EXERCISE GOAL :: Line for line, return the data exactly, omitting all pictures.

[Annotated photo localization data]
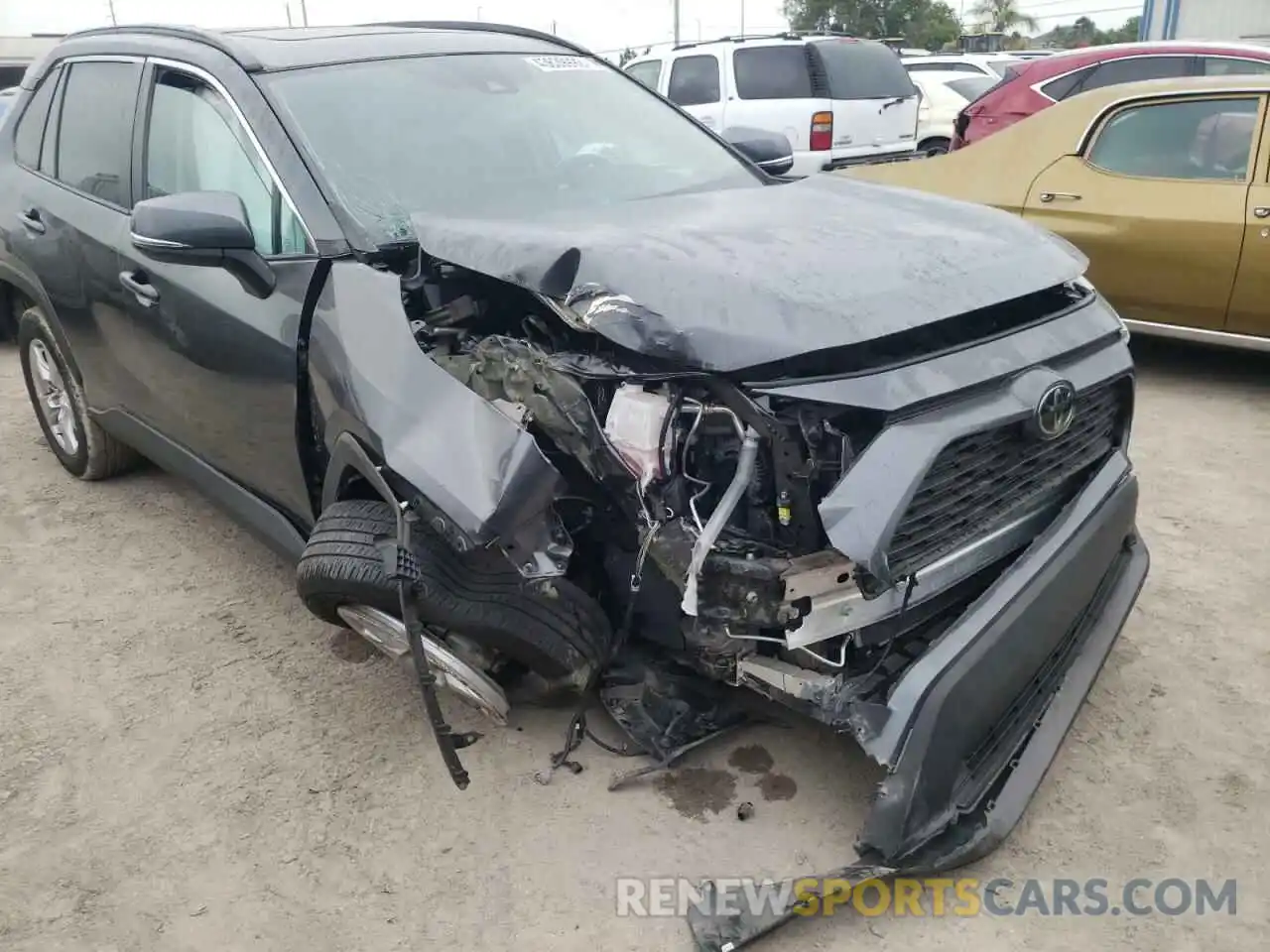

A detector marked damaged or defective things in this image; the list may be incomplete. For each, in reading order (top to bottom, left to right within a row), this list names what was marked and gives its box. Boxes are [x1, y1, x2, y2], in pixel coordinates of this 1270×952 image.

destroyed front fender [308, 256, 564, 575]
crumpled hood [413, 173, 1087, 373]
bent bumper [683, 452, 1151, 952]
destroyed front fender [683, 454, 1151, 952]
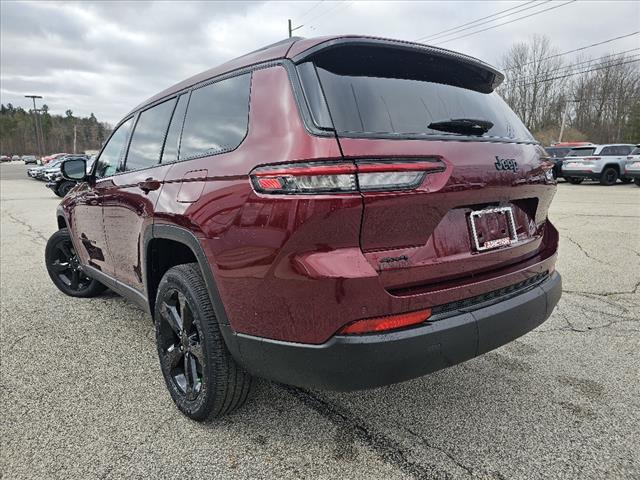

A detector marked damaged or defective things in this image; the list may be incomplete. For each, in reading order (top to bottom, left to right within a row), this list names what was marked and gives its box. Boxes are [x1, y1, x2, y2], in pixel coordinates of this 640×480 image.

crack in pavement [3, 211, 48, 246]
crack in pavement [280, 386, 456, 480]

SOLUTION TO THIS PROBLEM ::
A detector marked damaged or defective things in this image; the list may be incomplete. For each, in reading order (top to bottom, left to right within a row), this list names what was marked and gives its box. Boxes are [x1, y1, x2, y2], in pixel coordinates of this 1270×952 image.

destroyed front fender [308, 256, 564, 575]
crumpled hood [413, 173, 1087, 373]
bent bumper [683, 452, 1151, 952]
destroyed front fender [683, 454, 1151, 952]

A detector marked damaged or defective things in this image; the list may be incomplete. For each, in reading order (top to bottom, left to right within a row), this list names what was marked and gives its box. Boxes are [x1, y1, x2, y2], in pixel coordinates of this 640×480 image.

crack in pavement [3, 211, 48, 246]
crack in pavement [280, 386, 456, 480]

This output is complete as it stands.